Action item = Output, exactly as written, the lines below starting at the line containing "Samolepka Volvo limited" and ending at the line containing "Battle Trolls General". Drop the pictures and keep both end lines.
--- Dataset records Enclosed Below ---
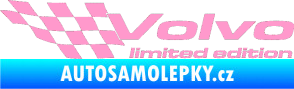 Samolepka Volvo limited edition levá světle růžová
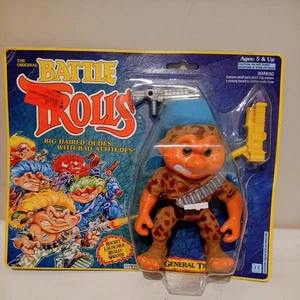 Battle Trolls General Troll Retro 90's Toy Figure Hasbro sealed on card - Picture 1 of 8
--- End of Enclosed Dataset records ---
--- Dataset records Enclosed Below ---
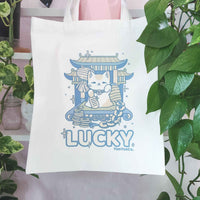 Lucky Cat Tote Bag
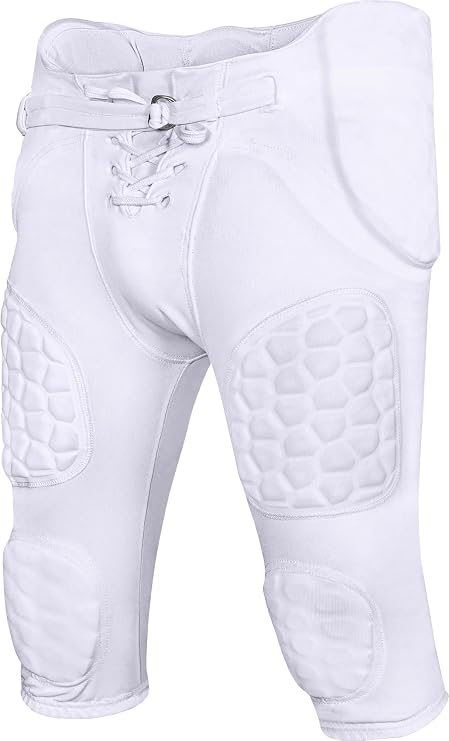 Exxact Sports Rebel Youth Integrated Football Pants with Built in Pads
--- End of Enclosed Dataset records ---
--- Dataset records Enclosed Below ---
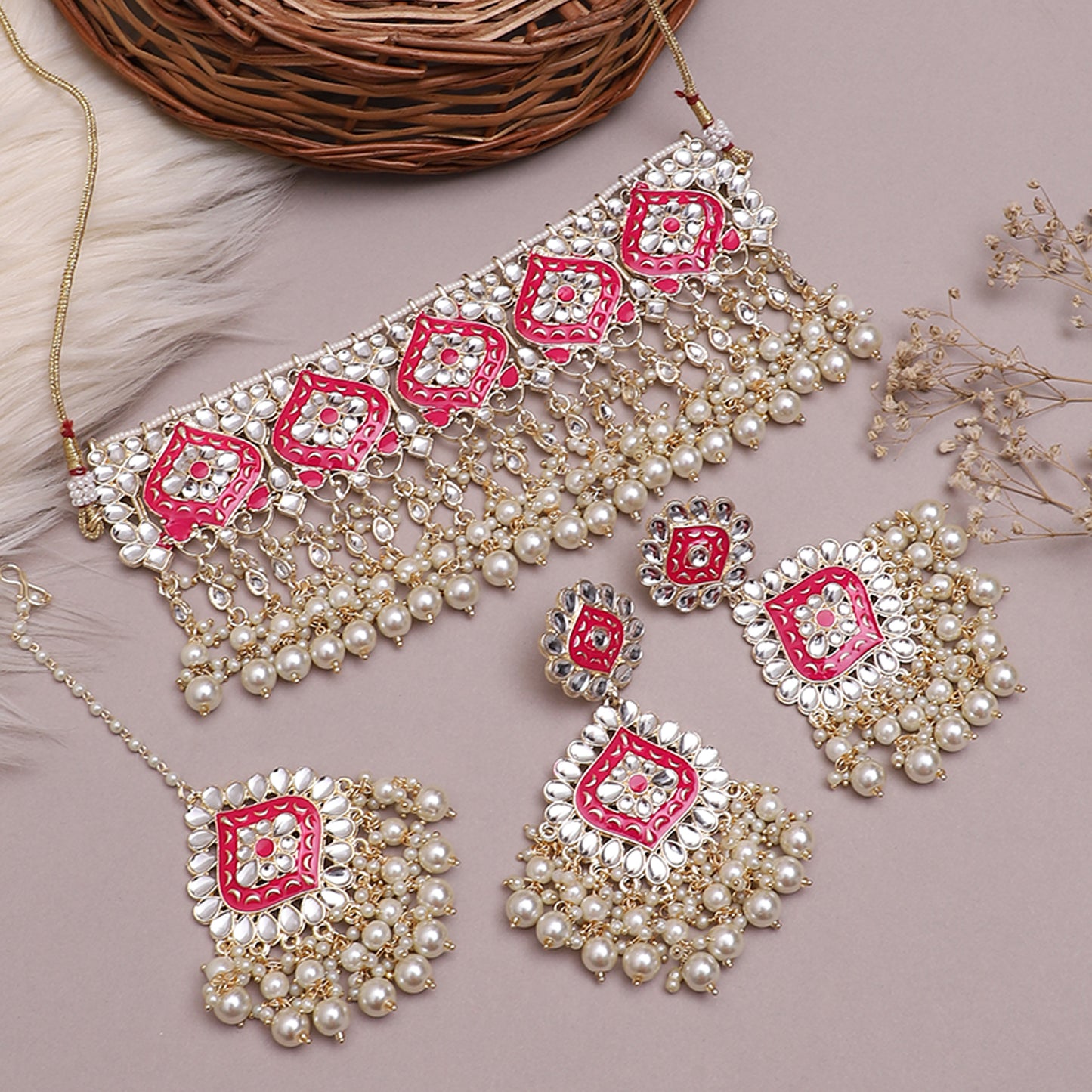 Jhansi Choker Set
--- End of Enclosed Dataset records ---
Output for this task =
 Samolepka Volvo limited edition levá světle růžová
 Battle Trolls General Troll Retro 90's Toy Figure Hasbro sealed on card - Picture 1 of 8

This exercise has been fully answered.